■ Short text fragments from websites

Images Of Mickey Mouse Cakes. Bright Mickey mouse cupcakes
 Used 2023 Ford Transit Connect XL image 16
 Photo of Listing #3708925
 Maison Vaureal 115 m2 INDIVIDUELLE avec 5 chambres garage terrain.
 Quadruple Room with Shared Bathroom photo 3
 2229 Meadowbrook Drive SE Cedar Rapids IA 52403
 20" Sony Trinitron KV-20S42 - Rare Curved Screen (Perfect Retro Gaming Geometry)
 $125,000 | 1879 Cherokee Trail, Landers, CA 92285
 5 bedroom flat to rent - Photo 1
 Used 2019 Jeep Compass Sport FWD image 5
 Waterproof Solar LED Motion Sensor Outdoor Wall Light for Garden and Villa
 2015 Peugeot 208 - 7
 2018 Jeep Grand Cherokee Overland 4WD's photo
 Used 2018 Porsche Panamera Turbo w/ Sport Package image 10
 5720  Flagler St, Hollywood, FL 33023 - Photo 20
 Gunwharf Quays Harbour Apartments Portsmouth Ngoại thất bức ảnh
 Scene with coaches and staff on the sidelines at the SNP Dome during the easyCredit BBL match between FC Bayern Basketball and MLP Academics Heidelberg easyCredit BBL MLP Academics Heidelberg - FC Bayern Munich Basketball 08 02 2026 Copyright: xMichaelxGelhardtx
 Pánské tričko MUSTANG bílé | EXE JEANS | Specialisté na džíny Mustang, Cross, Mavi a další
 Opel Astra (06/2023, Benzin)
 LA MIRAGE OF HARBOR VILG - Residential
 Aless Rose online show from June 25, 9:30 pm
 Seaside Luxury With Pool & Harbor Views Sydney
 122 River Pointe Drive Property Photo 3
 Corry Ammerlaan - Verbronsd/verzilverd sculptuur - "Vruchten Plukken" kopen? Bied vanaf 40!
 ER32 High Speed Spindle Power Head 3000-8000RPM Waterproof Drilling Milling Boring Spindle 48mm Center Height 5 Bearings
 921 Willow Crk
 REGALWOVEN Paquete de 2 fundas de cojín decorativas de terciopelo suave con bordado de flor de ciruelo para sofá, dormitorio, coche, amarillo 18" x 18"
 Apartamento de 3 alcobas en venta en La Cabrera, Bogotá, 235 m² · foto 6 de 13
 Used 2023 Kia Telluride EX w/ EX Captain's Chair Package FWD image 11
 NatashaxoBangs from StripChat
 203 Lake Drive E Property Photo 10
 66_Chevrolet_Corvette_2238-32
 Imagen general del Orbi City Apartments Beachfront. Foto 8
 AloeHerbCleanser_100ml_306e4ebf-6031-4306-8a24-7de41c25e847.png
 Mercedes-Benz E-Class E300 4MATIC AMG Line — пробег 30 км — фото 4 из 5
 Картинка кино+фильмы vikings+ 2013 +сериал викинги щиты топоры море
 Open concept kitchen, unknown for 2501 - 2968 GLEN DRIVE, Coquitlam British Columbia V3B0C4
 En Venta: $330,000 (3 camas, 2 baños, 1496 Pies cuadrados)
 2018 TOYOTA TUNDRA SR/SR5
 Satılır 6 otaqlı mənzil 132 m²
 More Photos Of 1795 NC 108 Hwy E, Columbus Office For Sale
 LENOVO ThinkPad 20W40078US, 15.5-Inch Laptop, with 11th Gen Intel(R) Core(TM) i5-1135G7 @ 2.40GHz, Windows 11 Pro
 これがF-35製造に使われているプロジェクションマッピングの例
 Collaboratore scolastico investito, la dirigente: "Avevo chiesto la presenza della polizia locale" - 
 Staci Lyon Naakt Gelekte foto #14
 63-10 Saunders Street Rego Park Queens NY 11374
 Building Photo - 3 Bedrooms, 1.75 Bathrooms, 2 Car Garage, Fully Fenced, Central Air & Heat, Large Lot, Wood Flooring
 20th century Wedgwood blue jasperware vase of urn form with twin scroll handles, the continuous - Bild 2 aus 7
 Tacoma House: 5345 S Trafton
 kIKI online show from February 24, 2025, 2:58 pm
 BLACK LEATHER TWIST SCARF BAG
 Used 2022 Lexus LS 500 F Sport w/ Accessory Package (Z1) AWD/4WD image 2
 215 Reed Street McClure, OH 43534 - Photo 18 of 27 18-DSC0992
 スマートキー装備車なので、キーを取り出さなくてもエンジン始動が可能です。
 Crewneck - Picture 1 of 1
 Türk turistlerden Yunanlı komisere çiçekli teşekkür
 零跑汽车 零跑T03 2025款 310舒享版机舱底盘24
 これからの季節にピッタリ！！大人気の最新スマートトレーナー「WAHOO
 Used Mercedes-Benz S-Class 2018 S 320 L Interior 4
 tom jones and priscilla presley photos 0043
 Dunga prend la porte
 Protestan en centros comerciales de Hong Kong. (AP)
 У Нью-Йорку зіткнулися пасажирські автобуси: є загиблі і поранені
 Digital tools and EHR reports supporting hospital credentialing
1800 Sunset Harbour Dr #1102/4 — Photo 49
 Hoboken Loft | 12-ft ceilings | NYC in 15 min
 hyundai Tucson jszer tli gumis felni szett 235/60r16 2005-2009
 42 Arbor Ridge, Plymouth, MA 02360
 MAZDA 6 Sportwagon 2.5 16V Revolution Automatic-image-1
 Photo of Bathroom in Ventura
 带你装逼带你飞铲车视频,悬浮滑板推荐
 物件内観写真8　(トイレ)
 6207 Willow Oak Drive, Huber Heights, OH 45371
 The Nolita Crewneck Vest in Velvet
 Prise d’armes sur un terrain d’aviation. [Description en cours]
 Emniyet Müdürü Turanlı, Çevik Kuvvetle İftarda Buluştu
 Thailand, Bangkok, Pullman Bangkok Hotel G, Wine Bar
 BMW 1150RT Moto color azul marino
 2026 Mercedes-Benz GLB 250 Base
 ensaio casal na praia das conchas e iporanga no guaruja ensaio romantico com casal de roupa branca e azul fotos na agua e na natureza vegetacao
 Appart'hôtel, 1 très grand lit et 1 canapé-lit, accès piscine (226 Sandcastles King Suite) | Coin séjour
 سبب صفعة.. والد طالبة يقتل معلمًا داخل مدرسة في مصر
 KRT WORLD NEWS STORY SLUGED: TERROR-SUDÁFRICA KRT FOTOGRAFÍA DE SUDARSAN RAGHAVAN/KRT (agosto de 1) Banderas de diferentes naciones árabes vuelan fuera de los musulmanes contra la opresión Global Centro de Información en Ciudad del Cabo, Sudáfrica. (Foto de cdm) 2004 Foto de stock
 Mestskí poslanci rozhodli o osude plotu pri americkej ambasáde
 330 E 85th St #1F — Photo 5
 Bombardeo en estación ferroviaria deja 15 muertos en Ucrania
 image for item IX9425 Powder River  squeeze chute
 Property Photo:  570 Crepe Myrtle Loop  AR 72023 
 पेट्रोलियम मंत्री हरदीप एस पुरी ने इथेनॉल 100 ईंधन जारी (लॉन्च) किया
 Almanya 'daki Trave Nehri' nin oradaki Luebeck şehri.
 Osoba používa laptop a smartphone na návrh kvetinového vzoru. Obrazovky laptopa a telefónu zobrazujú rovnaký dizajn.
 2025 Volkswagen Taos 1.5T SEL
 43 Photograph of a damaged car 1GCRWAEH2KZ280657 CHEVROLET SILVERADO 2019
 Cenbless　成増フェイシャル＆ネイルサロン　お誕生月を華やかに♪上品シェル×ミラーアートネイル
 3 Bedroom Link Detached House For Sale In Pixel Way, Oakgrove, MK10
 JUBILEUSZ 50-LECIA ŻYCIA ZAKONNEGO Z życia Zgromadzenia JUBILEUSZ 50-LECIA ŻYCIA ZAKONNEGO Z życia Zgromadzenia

■ Work request
Give back exactly the lines above starting at the line where "スマートキー装備車なので、キーを取り出さなくてもエンジン始動が可能です。" appears and ending at the line where "У Нью-Йорку зіткнулися" appears, both included, with no other lines.

■ Result below
 スマートキー装備車なので、キーを取り出さなくてもエンジン始動が可能です。
 Crewneck - Picture 1 of 1
 Türk turistlerden Yunanlı komisere çiçekli teşekkür
 零跑汽车 零跑T03 2025款 310舒享版机舱底盘24
 これからの季節にピッタリ！！大人気の最新スマートトレーナー「WAHOO
 Used Mercedes-Benz S-Class 2018 S 320 L Interior 4
 tom jones and priscilla presley photos 0043
 Dunga prend la porte
 Protestan en centros comerciales de Hong Kong. (AP)
 У Нью-Йорку зіткнулися пасажирські автобуси: є загиблі і поранені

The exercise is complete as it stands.